Lade Inhalt...

Kundenbindung im Retail Banking

von B.A. Christian Sander (Autor) Jan Köllnberger (Autor) Viktor Wiederkehr (Autor)

Seminararbeit 2013 51 Seiten

BWL - Marketing, Unternehmenskommunikation, CRM, Marktforschung, Social Media

Leseprobe

Inhaltsverzeichnis

Abbildungsverzeichnis

1 Einleitung
1.1 Zielsetzung und methodisches Vorgehen
1.2 Aktuelle Entwicklungen der Bankenlandschaft Deutschlands

2 Vorüberlegungen zur Kundenbindung
2.1 Kundenbindung, deren Arten und Wirkung
2.2 Instrumente und Maßnahmen

3 Besonderheiten der Kundenbindung bei Banken
3.1 Kundenbindungsinstrumente
3.2 Voraussetzungen für eine erfolgreiche Kundenbindung

4 Empirische Analyse
4.1 Aufbau des Online-Fragebogens
4.2 Beschreibung des Samples
4.3 Wichtige Erkenntnisse der Umfrage

5 Fazit und Ausblick

Anhang

Literaturverzeichnis

Internetquellenverzeichnis

Abbildungsverzeichnis

Abbildung in dieser Leseprobe nicht enthalten

1 Einleitung

In diesem Kapitel wird ein Überblick über die Zielsetzung und das methodische Vorgehen der Arbeit gegeben sowie die aktuellen Entwicklungen der Bankenlandschaft in Deutschland dargestellt.

1.1 Zielsetzung und methodisches Vorgehen

Ziel dieser Seminararbeit, die im Auftrag der Accenture GmbH durchgeführt wurde, ist es zu untersuchen, welchen Stellenwert Kundenbindung im Bereich des Retail Bankings in Deutschland hat. Um sich diesem Thema umfassend anzunähern, werden zuerst die aktuellen Entwicklungen der deutschen Bankenlandschaft im Kapitel 1.2 dargestellt. Hierbei wird besonders auf die Folgeprobleme der Finanzkrise sowie wichtige Aspekte der drei Bereiche Marktumfeld, Wettbewerb und Kundenverhalten eingegangen.

Anschließend werden in Kapitel 2 Vorüberlegungen zur Kundenbindung angestellt, indem diese theoretisch aufgearbeitet wird. Diese Vorüberlegungen erlauben es, die Ergebnisse der Umfrage genauer einzuschätzen und zu interpretieren.

Im Kapitel 3 werden die Besonderheiten der Kundenbindung für Banken genannt und erläutert.
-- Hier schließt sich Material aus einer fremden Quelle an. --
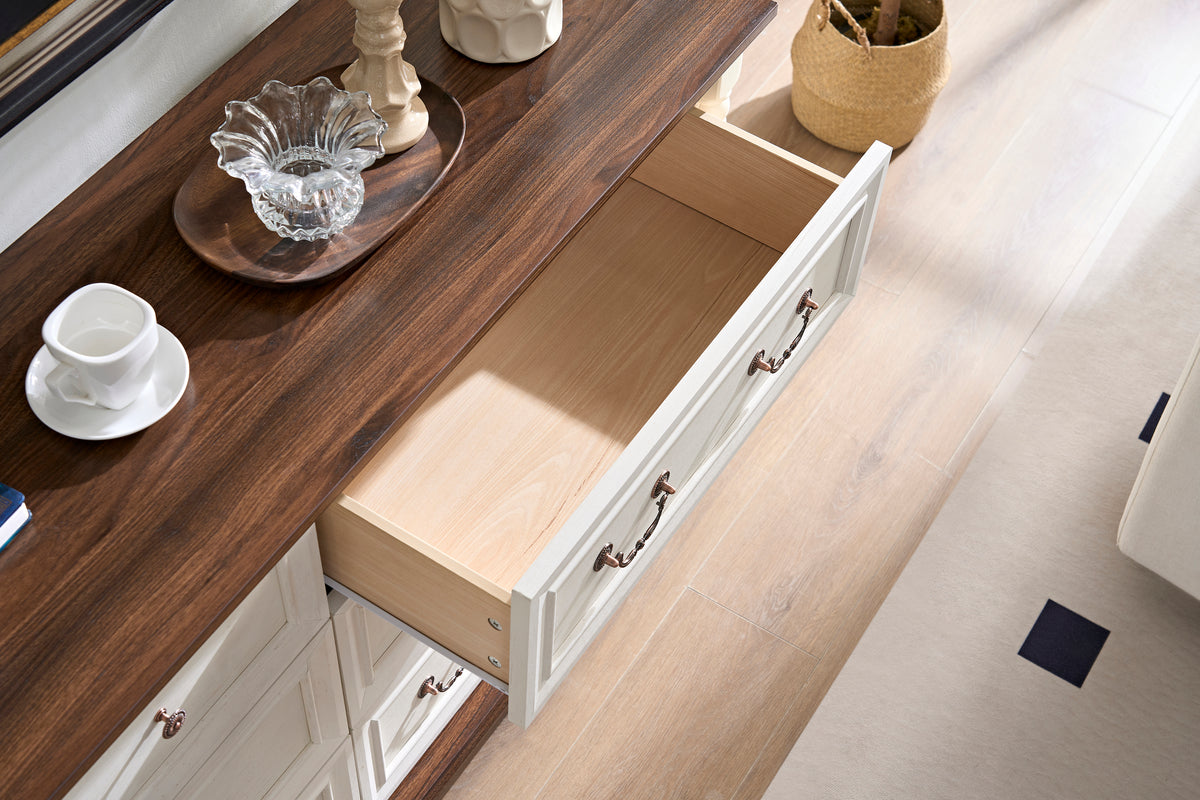 Nøordka Light Sideboard Default 50" Rustic Wooden 6 Drawer Dresser Chest in White &amp; Walnut Finish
Dabei werden ausgewählte Kundenbindungsinstrumente bankenspezifisch dargestellt und die Voraussetzungen für erfolgreiche Kundenbindung zusammengefasst.
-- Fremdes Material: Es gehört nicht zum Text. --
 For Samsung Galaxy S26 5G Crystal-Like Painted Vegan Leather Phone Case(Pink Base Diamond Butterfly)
In den Kapiteln 1 und 3 erfolgt die Aufstellung von Thesen, welche durch die Umfrage geprüft werden sollen. Die Thesen basieren auf den theoretisch aufgearbeiteten Einschätzungen und sollen folgende Forschungsfragen klären:

- Gewinnt das Privatkundengeschäft für Banken weiter an Bedeutung?
- Haben Banken im Retail Banking das Ziel, Kundenkompetenzen aufzubauen?
- Haben die erforderlichen Systeme und Prozesse speziell im Bereich der Kundenbindung an Bedeutung gewonnen?

Die daraus abgeleiteten Thesen werden im vierten Kapitel durch eine umfassende empirische Studie geprüft, in deren Rahmen alle deutschen Banken als Grundgesamtheit angesprochen wurden. Die zu prüfenden Thesen werden in Fragen operationalisiert, die mithilfe eines Online-Fragebogens erhoben werden.

Abschließend werden die Ergebnisse im fünften Kapitel in einem Fazit zusammengefasst, ein Resümee gezogen und ein Ausblick gegeben.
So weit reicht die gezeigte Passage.